In an interview with NPR, Stephen Blumberg, the lead researcher of this biannual survey, said that, “People who are wireless-only are more likely to smoke, they’re more likely to binge-drink, [and] they’re more likely to be uninsured.” Even accounting for age, looking only at young people, these differences remained true.
While it’s hard to say why this correlation exists, researchers consider income to be a possible factor. Adults in poverty or near-poverty, who rent their homes, are younger, and/or are Hispanic are more likely to be landline-less. Geographically, those in the South, West, and Midwest were more likely than those in the Northeast to still have a landline. City-dwellers were also more likely to have cut the landline cord.
The reason that this data is tracked by the CDC, according to Blumberg, is largely incidental, or at least it was when the agency first began studying this in 2003. The CDC has been conducting surveys via telephone for the past 34 years, and realized that the increasing number of landline-less households were being excluded from the dataset. In order to find the segment of the population that fell into this category, it then began including questions concerning household phone use in its in-person National Health Interview Survey.

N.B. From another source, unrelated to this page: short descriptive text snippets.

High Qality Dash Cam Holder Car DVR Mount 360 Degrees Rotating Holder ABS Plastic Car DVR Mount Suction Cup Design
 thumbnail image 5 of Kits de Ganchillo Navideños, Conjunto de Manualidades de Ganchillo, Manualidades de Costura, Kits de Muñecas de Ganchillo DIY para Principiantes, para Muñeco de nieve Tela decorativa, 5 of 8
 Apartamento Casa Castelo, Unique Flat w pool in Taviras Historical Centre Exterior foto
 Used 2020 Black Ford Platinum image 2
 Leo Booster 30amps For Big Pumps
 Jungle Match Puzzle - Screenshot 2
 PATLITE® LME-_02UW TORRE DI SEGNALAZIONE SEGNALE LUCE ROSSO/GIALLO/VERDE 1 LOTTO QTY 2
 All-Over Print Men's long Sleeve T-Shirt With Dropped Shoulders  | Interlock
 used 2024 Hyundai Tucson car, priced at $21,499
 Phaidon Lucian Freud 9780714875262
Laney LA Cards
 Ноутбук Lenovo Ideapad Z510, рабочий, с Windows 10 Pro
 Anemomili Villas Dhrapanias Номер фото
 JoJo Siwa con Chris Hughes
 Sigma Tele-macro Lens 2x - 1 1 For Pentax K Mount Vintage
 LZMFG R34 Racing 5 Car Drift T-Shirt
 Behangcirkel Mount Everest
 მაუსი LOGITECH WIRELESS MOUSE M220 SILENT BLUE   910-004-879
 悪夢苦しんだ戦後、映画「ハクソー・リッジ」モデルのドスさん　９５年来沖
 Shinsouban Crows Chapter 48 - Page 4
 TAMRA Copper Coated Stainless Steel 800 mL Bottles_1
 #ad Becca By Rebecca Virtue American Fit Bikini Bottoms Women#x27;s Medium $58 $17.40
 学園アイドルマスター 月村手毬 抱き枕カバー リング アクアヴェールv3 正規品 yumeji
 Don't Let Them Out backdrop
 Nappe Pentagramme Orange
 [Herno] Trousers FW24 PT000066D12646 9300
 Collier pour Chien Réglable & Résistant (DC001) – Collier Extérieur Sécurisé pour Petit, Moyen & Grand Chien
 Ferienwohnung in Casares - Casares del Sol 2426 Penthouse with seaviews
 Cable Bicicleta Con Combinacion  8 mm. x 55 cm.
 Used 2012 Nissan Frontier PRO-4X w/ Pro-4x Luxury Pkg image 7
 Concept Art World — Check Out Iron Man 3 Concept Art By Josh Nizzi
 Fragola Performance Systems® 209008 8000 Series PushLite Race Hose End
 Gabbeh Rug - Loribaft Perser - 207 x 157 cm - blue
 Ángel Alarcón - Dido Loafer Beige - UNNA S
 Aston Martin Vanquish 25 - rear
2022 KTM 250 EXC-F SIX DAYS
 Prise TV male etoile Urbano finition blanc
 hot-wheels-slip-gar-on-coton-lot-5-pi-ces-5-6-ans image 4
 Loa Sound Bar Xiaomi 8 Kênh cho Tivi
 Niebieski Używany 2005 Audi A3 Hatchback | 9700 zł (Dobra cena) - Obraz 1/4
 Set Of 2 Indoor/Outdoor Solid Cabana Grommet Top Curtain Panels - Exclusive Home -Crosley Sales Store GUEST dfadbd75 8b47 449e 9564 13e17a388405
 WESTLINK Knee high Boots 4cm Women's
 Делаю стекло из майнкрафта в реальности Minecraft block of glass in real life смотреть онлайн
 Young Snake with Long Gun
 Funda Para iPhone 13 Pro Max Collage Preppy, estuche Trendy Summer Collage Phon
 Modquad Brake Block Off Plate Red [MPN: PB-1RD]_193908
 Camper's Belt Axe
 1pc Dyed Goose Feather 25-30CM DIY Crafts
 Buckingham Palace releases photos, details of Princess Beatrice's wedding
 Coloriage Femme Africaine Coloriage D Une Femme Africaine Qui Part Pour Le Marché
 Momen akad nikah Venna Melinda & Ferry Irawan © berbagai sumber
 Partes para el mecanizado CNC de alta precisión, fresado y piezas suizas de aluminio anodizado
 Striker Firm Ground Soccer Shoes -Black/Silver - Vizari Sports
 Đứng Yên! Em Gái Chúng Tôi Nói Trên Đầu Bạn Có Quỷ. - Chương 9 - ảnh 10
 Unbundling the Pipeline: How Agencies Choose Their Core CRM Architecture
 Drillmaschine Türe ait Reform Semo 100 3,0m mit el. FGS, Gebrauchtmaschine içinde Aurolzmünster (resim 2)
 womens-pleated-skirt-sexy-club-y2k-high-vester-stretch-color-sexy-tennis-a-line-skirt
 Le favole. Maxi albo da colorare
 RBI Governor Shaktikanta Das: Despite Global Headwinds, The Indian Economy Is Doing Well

Though the study does not delve into reasons people are forsaking their landlines, anecdotal interviews with the AP reveal a variety of reasons the minority has for keeping them around. Some cited poor cell reception at home, requirements from phone companies that mandate customers have a landline to get internet service, and cheaper package discounts.
As to whether or not Americans should have a landline, there are several arguments to be made. Landline phones are recommended for calling emergency services. Even if the caller is unable to speak or does not know the address (for example, a choking person or child) emergency services can use the landline to trace the address. Cell phone GPS used to trace 911 calls are less precise. Whether or not this is a good enough reason to bear the annoying telemarketing calls landline phones are susceptible to is a matter up for debate.